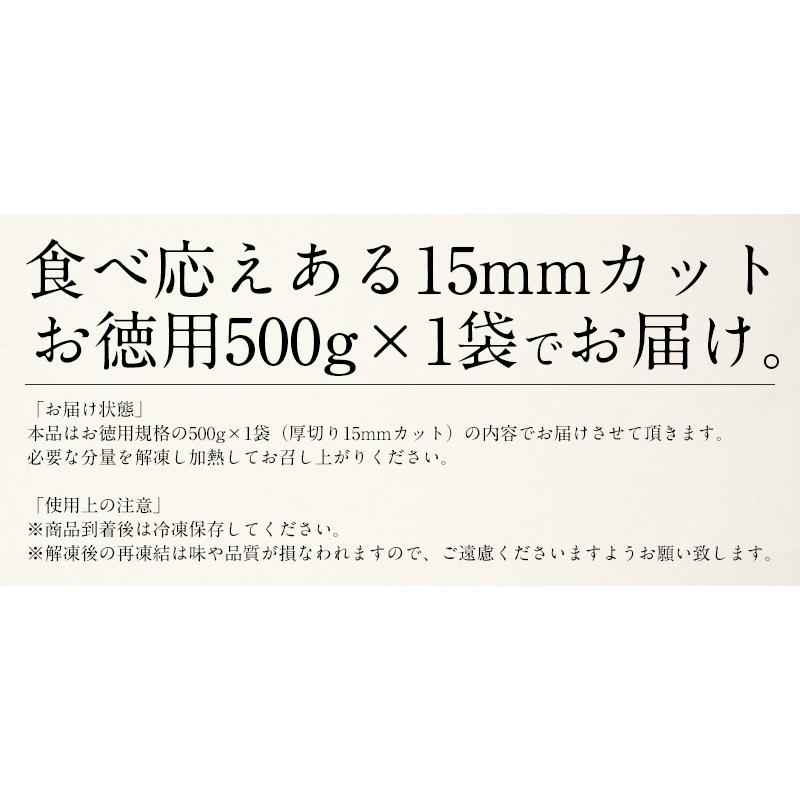 牛たん 牛タン 厚切り 15mm 500g 味付き（塩） スリット入り プレミアム厚切り牛タン 冬グルメ 冬ギフト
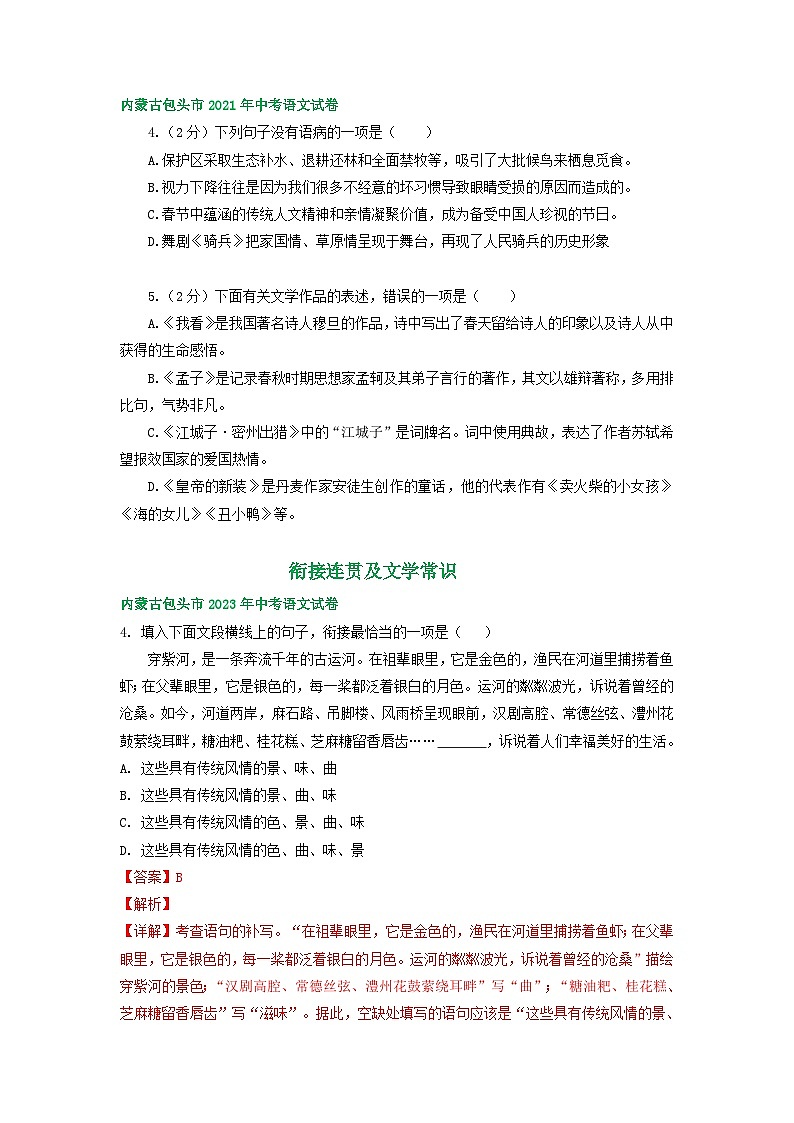 内蒙古包头市三年（2021-2023）中考语文试卷分类汇编：衔接连贯及文学常识第2页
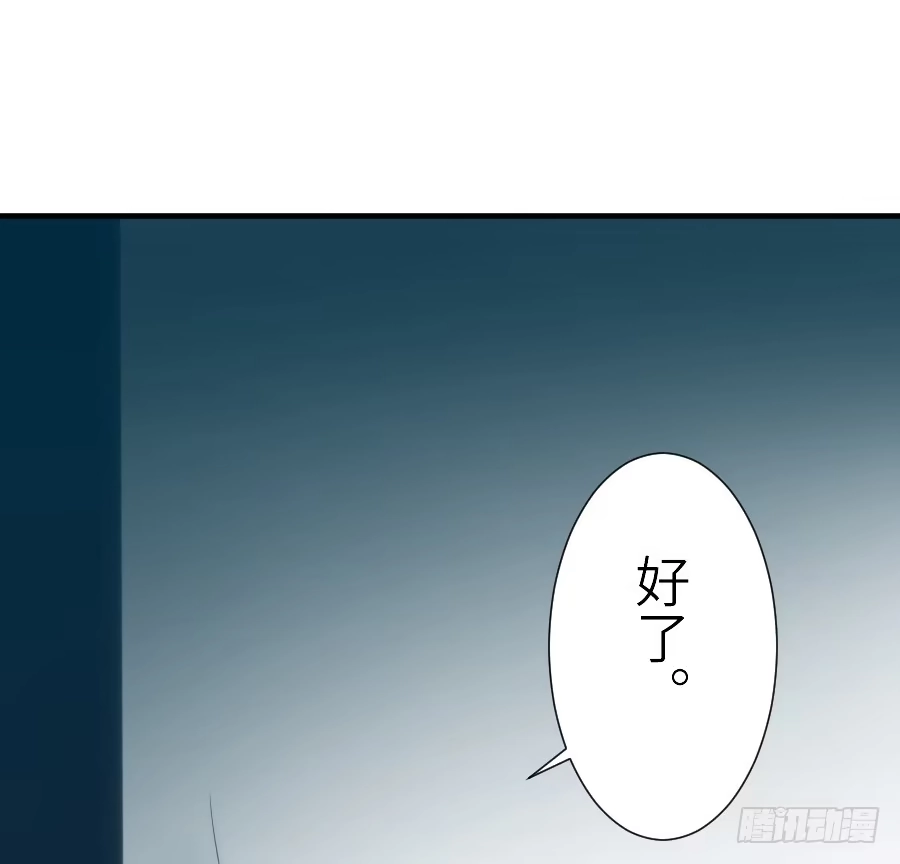 王的初拥 发狗粮啦~ 第15页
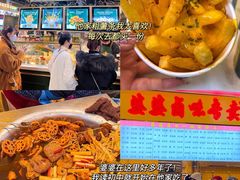 -新佳丽时尚广场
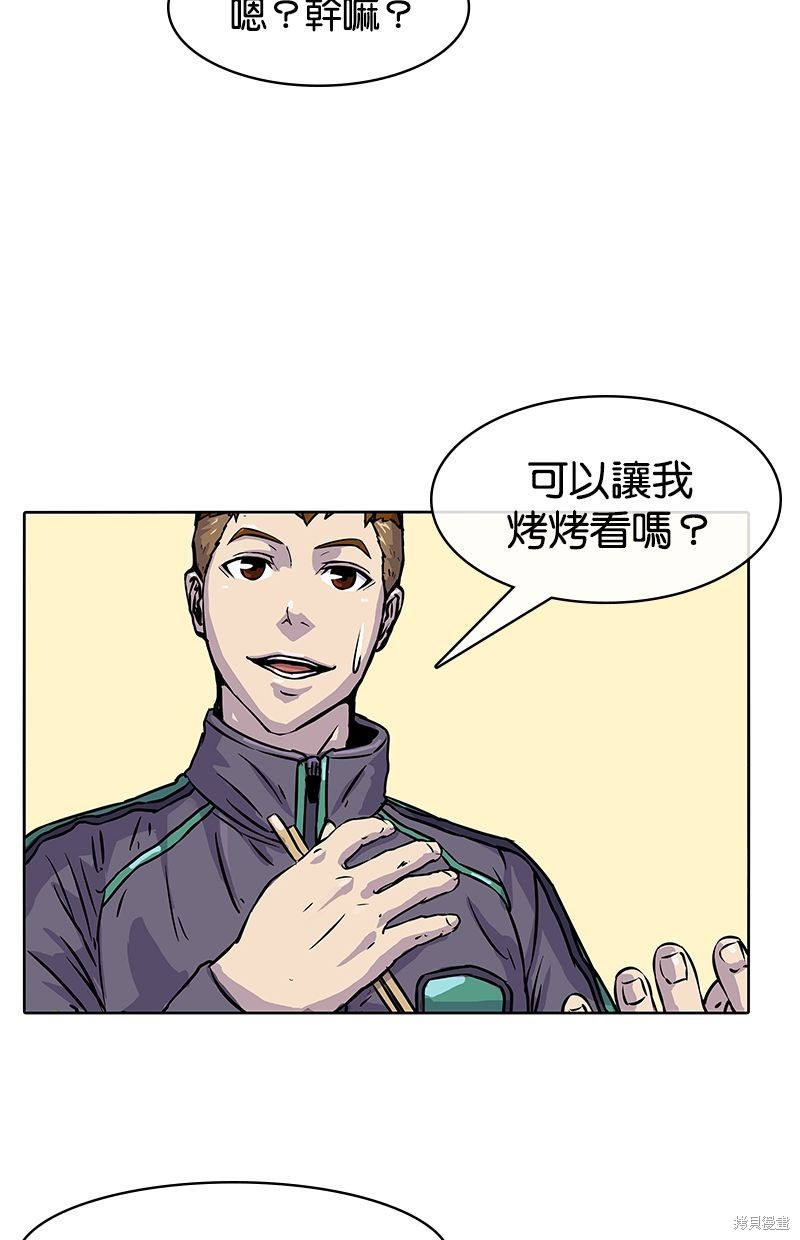 第 54 页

------------

§ **What the exercise asks**: In the listing above, transcribe exactly the lines from the line containing "内蒙古包头市三年（2021-2023）中" through the last one, both included, but not the pictures.

§ **Result**:
 内蒙古包头市三年（2021-2023）中考语文试卷分类汇编：衔接连贯及文学常识第2页
 王的初拥 发狗粮啦~ 第15页
 -新佳丽时尚广场
 第 54 页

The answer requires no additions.